ベストは5つ、少なくとも4つ実践していることが望ましいです。


貴社サービスプロセスに、この5つが組み込まれているかチェックしてみてください。
弱い部分があれば、そこがユーザー行動継続の課題である可能性が高いです。

重要な5つのファクターを柱に、その他の要素でユーザー満足に繋げやすいものを組み合わせていってください。


セルフケア・ドライブのファクター実装に関してのご相談・ご要望があればお声掛けください。

●大川へのお問い合わせや質問などがあればこちらへ(直接届きます)。
ディスカッションも大歓迎です!  

健康ビジネスキーワード

「顧客の声は最強のKPI」

ヘルスケア&ウェルビーイング事業の成否を分けるのは、顧客の声だ。
綺麗なKPIが並ぶ報告書より、「このサービスで人生が変わった」という一言のほうが未来を創る。

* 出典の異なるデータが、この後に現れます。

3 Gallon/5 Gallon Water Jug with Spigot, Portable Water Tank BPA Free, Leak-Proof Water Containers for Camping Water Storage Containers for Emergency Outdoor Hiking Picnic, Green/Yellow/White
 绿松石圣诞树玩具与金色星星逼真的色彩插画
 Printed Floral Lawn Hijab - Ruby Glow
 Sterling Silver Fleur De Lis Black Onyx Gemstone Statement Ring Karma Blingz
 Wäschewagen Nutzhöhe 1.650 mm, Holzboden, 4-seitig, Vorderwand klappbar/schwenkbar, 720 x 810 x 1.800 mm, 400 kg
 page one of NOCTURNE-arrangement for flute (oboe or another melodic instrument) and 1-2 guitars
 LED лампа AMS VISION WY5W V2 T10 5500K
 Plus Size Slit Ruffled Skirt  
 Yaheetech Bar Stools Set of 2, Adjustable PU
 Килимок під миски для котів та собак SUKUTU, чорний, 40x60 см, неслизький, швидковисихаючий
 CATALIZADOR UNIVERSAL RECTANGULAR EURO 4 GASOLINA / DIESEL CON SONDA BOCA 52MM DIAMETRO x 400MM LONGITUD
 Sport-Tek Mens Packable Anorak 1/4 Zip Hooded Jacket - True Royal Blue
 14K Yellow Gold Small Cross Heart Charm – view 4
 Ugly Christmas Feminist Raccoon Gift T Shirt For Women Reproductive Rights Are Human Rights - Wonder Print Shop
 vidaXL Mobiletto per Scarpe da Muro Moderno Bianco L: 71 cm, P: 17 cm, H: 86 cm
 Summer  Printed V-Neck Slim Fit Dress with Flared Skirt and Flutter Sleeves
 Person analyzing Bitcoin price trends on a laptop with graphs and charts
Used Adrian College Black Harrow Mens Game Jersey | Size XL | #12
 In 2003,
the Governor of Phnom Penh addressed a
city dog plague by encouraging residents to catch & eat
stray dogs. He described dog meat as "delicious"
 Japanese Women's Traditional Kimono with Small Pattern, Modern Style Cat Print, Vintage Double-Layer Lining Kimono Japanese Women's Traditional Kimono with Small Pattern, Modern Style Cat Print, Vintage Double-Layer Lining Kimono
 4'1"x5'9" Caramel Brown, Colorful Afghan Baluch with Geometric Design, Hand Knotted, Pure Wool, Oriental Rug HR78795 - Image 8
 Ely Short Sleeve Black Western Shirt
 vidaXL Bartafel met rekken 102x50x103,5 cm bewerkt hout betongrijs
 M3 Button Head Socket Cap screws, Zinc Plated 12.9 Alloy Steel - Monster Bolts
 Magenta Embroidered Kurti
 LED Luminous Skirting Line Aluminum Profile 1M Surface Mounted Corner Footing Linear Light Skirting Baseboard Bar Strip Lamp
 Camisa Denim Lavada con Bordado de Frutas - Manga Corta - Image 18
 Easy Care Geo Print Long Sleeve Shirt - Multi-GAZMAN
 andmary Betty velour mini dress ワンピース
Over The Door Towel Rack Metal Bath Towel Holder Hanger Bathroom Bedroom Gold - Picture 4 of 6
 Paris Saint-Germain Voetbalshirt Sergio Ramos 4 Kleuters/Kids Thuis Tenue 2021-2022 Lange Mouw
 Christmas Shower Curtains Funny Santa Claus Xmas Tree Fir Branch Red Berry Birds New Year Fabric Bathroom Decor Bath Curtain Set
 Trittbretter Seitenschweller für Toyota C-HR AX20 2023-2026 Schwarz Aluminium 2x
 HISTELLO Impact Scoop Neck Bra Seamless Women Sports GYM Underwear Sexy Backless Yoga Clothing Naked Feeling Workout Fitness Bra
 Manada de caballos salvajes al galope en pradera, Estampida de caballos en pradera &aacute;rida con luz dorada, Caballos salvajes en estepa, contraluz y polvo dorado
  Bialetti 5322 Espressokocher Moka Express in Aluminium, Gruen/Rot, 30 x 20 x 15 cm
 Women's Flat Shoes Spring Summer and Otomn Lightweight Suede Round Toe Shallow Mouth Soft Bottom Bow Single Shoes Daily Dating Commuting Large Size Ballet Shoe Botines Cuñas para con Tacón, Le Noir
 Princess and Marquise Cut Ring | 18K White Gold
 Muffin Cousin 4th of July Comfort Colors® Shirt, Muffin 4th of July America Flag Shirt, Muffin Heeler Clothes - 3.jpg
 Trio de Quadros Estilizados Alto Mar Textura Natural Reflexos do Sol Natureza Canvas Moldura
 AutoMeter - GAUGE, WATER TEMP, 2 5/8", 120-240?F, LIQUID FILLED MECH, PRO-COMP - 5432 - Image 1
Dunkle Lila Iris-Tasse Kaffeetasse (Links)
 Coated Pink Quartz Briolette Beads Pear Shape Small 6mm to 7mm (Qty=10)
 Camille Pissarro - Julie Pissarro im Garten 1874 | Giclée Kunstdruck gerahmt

リピート率も売上も、顧客の納得と感動の積み重ねにすぎない。
数字の裏にある“生の声”を拾えなければ、サービスはただの自己満足で終わる。

顧客の言葉こそ、進むべき道を示すコンパスなのだ。

※KPI(重要業務評価指標:Key Performance Indicator)

今週の注目記事クリップ

+++★注目記事クリップ★+++

[1]米製薬大手Merck、東南アジアのヘルスケア市場HDを支援(TechCrunchより)
https://techcrunch.com/2025/02/12/merck-backs-healthcare-marketplace-hd-in-southeast-asia/
タイを拠点とするヘルスケアスタートアップのHDは、マーケットプレイスを強化とAI技術へのさらなる投資のため、780万ドルの株式資金を確保した。今回の資金調達は、米製薬大手Merck Sharp & Dohme(MSD)がアジア太平洋地域のヘルステックスタートアップに投資した初のケースとなる。(2025/02/12)

[2]AI Optics、網膜スクリーニングカメラ『Sentinel Camera』でFDA 510(k)を取得
https://mhealthwatch.jp/global/news20250219
ハンドヘルド網膜画像システムは、人間の目の高品質な画像をキャプチャし、持ち運び可能でアクセスしやすいツールを通じて網膜疾患のスクリーニングにおけるギャップを埋めるのに役立つ。(2025/02/19)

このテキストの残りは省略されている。